The cow seemed to be in poor health. She was small, only about 2 to 3 years old herself, making this calf likely her first. Menz said that she was eating fine, but didn’t seem to get much energy from her browsing, so he worried she was ill.
Menz and Menkee, a friend in the neighborhood, started “feeding” the moose, by cutting down branches and saplings of trees moose prefer to eat. It’s illegal to purposefully feed wildlife, and even negligent feeding — such as leaving food unsecured — can net a fine. But Menz and Menkee asked Fish and Game what they could and couldn’t do for the moose. Providing alfalfa or other non-natural browse is not allowed, but cutting down trees on their own property so the cow and calf could reach them is fine. So that’s what they started doing last week, with the moose chomping right through anything they cut.
“Her eyes and everything looked OK, but she wasn’t moving much — always just grazing, lying down, grazing, lying down.
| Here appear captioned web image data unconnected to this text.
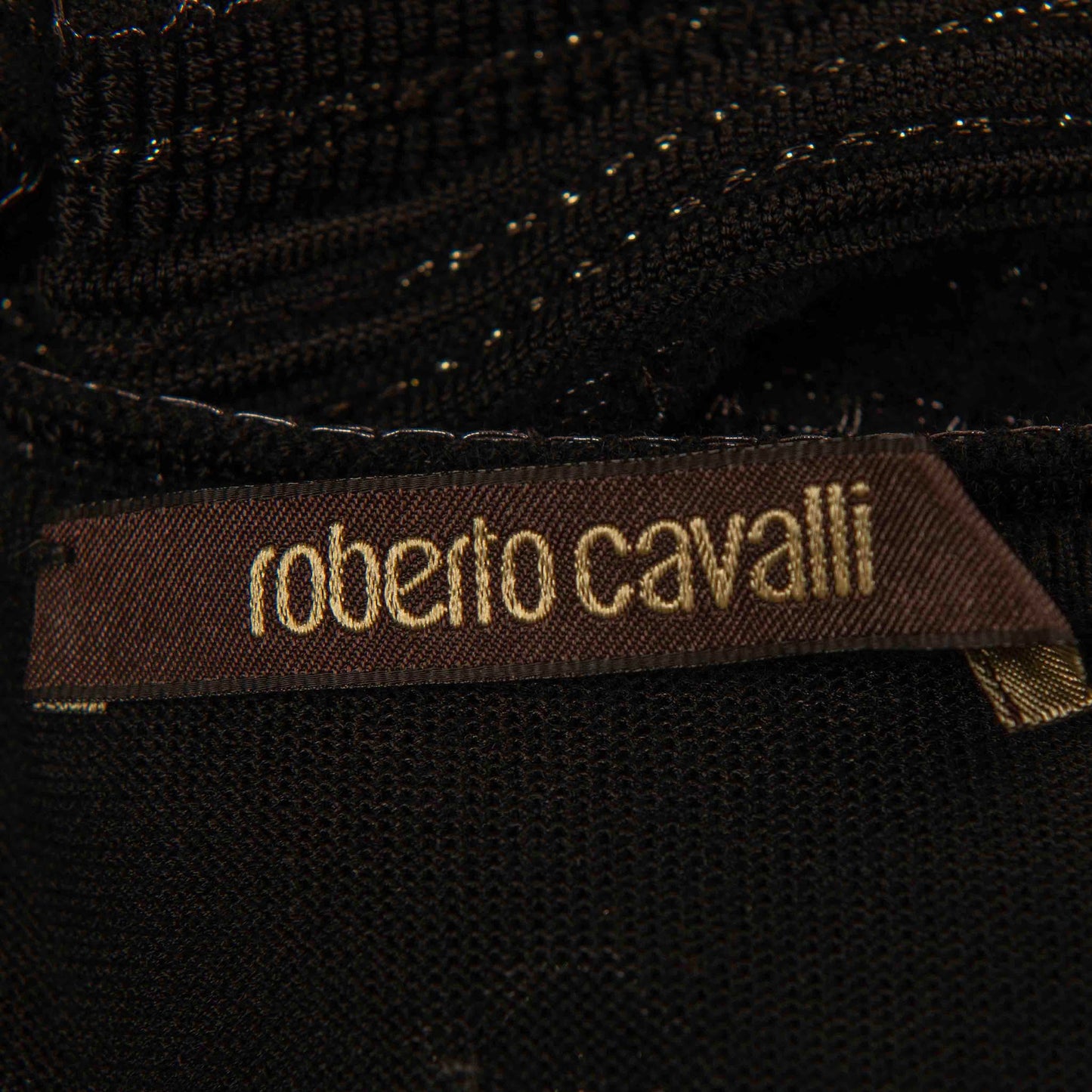 Roberto Cavalli Black Knit Dress with Fur Trim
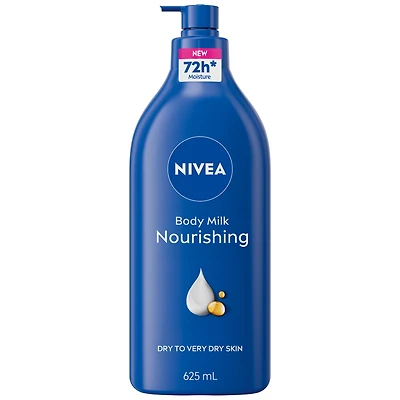 NIVEA Nourishing 72-Hr Hydrating Body Lotion, Body Milk with Hyaluronic Acid, 625 mL, 625 mL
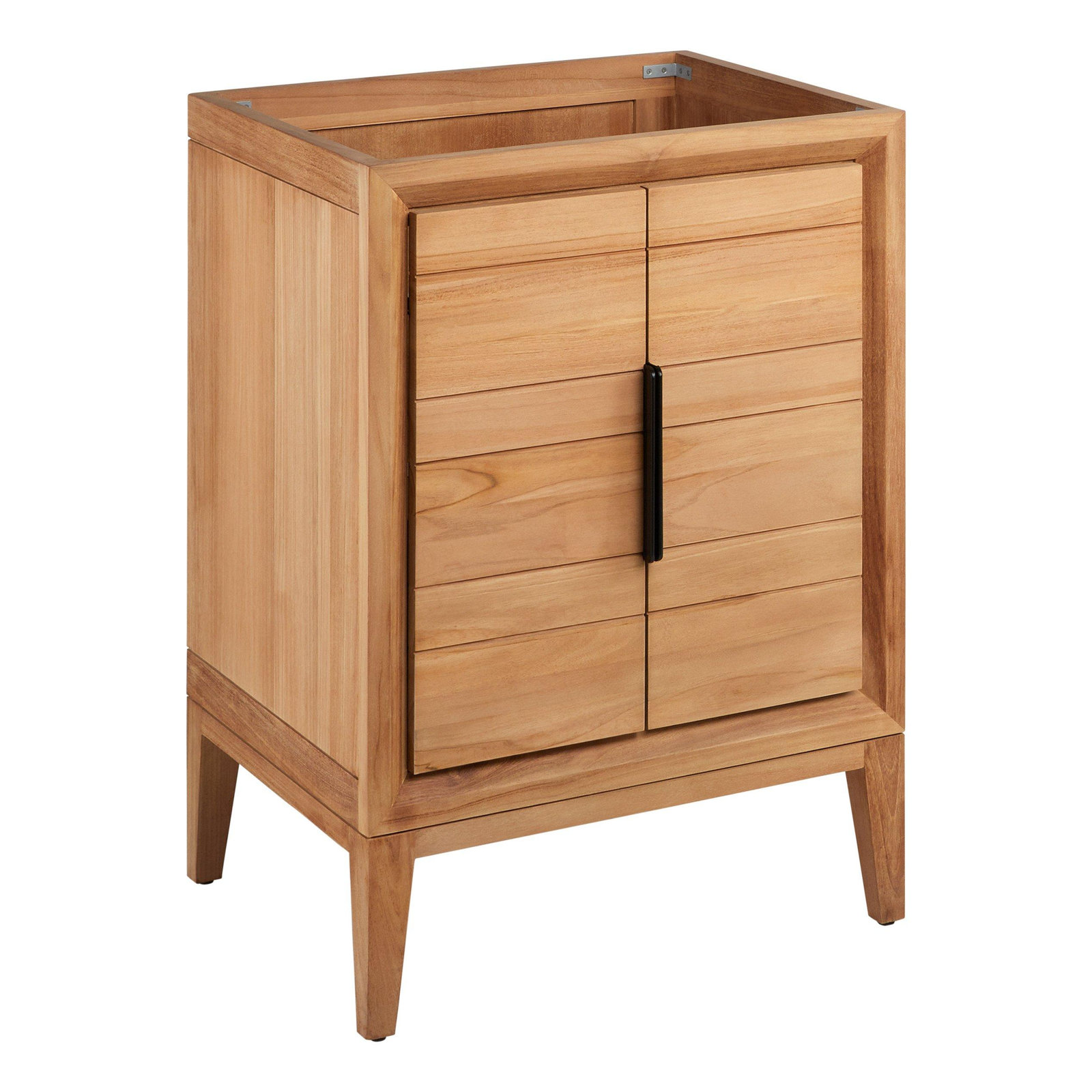 Aliso 24" Carrara Marble Single Bathroom Vanity, 8" Widespread, Arctic White Quartz, Natural Teak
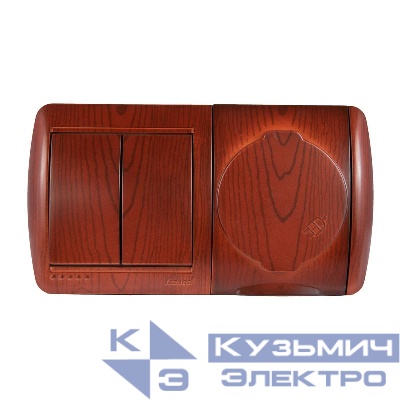 Блок Nata (розетка с заземл. с защ. крышкой + 2-кл. выкл.) вишня LEZARD 710-0600-171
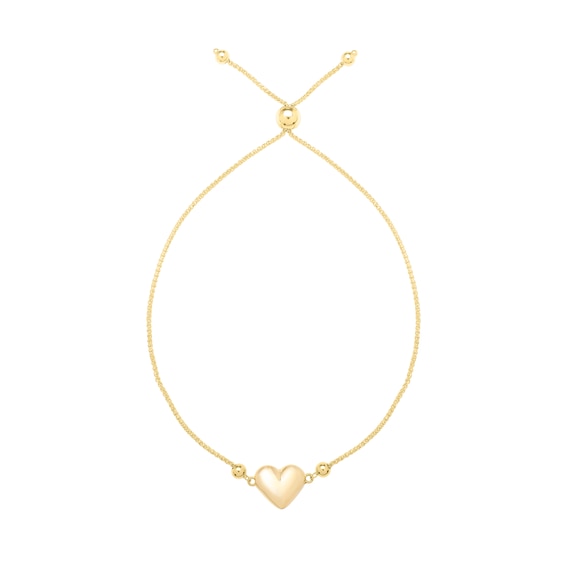 Puff Heart Bolo Bracelet in 14K Gold - 9"
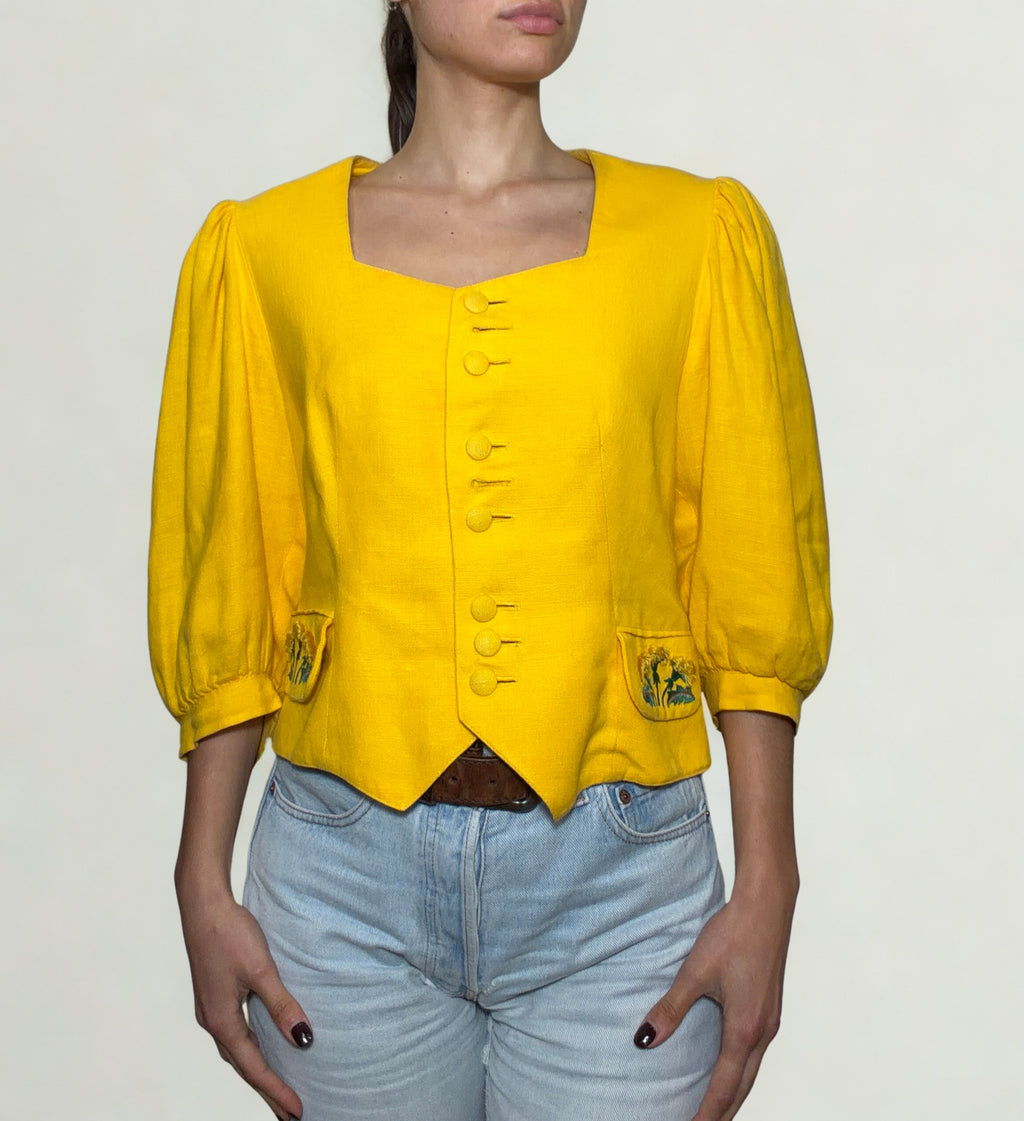 Giacca Tirolese Gialla in Lino Ricamato “Sportalm Kitzbühel” – Made in Austria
She’d be lying there and she’d be panting so hard, like she was ready to give labor,” Menz said. “The last day before she died she ran around here in circles, snorting and growling, like she was just trying to get her lungs to breathe. It scared me — I didn’t know what was going on — and the little calf just sat there watching her — didn’t know what was going on, either. You could see his front legs shaking.”
That was Thursday. On Friday morning Menz noticed the cow lying just over a little hump in the yard not far from the house.
“I saw him trying to get her up — she’s lying flat like she died in her sleep. I thought, ‘That’s weird, she’s not getting up or anything.’ And, oh, four hours later she’s still lying there, so I said, ‘That’s not right,’ and I went over there and she just had her head turned around in a lying position, not moving, and you could see where he had laid by her,” Menz said.
When it was clear the cow was dead, Menz called Alaska State Troopers and the Alaska Department of Fish and Game. When a moose dies on private property, it is, legally, the property owner’s large, potentially bear-attracting problem to deal with. It’s illegal for the property owner to harvest a moose under such conditions — not that the meat would be recommended as consumable when the cause of death is unknown or due to illness.
In this case, Menz and Warren had no means to remove the moose. But where resources allow, Fish and Game and other agencies try to help property owners with carcass removal, especially to avoid problems with bears. The Alaska Moose Federation was contacted and sent a crew to examine and remove the moose, Menz said. The cow apparently suffered from a respiratory problem, with cysts and fluid choking her lungs.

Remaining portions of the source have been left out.